Unlike the Jukes, who have been building a national audience gradually the past few years through constant touring, the J. Geils Band is coming back from a long spell out of the public eye. The most publicity they'd gotten recently was Peter Wolf's marriage to Faye Dunaway, and temporarily shortening their neme to "Geils" didn't help their fading image.

But their newest release, "sanctuary," reaffirms their pound-it-out style and may bring back the audience that made songs liek "Lookin' for a Love" popular in the early '70s.

With the acclaim currently accorded gritty rock veterans like Bruce Springsteen and Bob Seger, and newcomers like The Cars, the J. Geils Band's time may have returned. Actually, it should have returned with the critically acclaimed "Monkey Island," their last release for Atlantic, but that album flopped commercially and now the J. Geils Band must start all over again.

Starting all over in this group's case means going out and presenting the same format that's been its staple for years: no-nonsense, heavy-tonnage music. Not that the J. Geils Band is simply loud. Aerosmith is loud. Ted Nugent is loud. Led Zeppelin and Foreigner are loud. The J. Geils Band is powerful. On an average night, it'll have you up and dancing within three songs and it doesn't really have a ballad in its repertory that can slow the pace enough to make a difference.

"Sanctuary" follows the same pattern. All the songs are written by Wolf and keyboardist Seth Justman, and there's nothing fancy. The title cut has a lean hunger accentuated by J. Geils' stinging guitar. "Jus' Canht Stop Me" is a pre-disco dance tune and "One Last Kiss" shows that hard rock can have catchy choruses.

There is also some obvious pilfering. "Take It Back" sounds a lot like the band's own "Give It to Me," and "I Don't Hang Around Much Anymore" -- an affecting change of pace -- is reminiscent of Springsteen's "Darkness on the Edge of Town."

Springsteen's influence is much more overt on Southside Johnny and the Asbury Jukes' "Hearts of Stone." The Boss wrote three of the tracks. His right-hand man, "Miami" Steve VanZandt (a former Juke), produced the album, wrote six songs and added backup vocals and guitar. To finish off the Jersey connection, E Street Band drummer Max Weinberg anchors the whole affair. But "hearts of Stone" is a Jukes record, not a Springsteen session, and even the Springsteen compositions have the Jukes' unmistakable moxy.
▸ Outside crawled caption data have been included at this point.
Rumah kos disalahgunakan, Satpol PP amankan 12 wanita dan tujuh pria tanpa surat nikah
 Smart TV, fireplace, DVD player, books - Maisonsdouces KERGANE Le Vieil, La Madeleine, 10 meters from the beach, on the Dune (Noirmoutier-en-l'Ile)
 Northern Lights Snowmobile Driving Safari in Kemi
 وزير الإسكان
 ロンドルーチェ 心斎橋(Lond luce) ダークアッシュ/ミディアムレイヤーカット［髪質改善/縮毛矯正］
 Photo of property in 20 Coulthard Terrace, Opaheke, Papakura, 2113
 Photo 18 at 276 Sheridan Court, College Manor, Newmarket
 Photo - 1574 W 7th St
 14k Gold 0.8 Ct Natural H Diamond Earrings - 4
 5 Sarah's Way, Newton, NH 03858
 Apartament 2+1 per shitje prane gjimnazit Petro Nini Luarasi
"Hearts of Stone" is not as overwhelming as its predecessor, "This Time It's for Real"; that album practically melted styluses on contact, and every song sounded as if it was about to jettison into another dimension. This one is a bit tamer. Still, the Asbury Jukes have the best horn section in rock, and it's no less exciting on this album. Also, the ghost of Phil Spector haunts the production, adding an element of nostalgia to numbers like "This Time Baby's Gone for Good" and "Light Don't Shine."

On the negative side, Johnny Lyon seems a bit more cautious with his vocals this time around. Maybe someone told him to "clean up his act" for mass consumption, but the result is a hesitance that takes some of the edge off his sentiments.

Despite this, anyone who has ever seen Southside Johnny and the Asbury Jukes knows that a hesitant Southside operates at about the same speed as a Mirage fighter, and he should be ready to race on Saturday. After all, bar bands have an inherent need to prove they're the best, and the J. Geils Band should give the Jukes all the incentive it needs to cut loose.

No matter that the energy has more ground to cover in the big arena. These two bands approach rock'n'roll with combat intensity, wielding it as a weapon against Doonesbury's dreaded "mellow." It should be quite a show.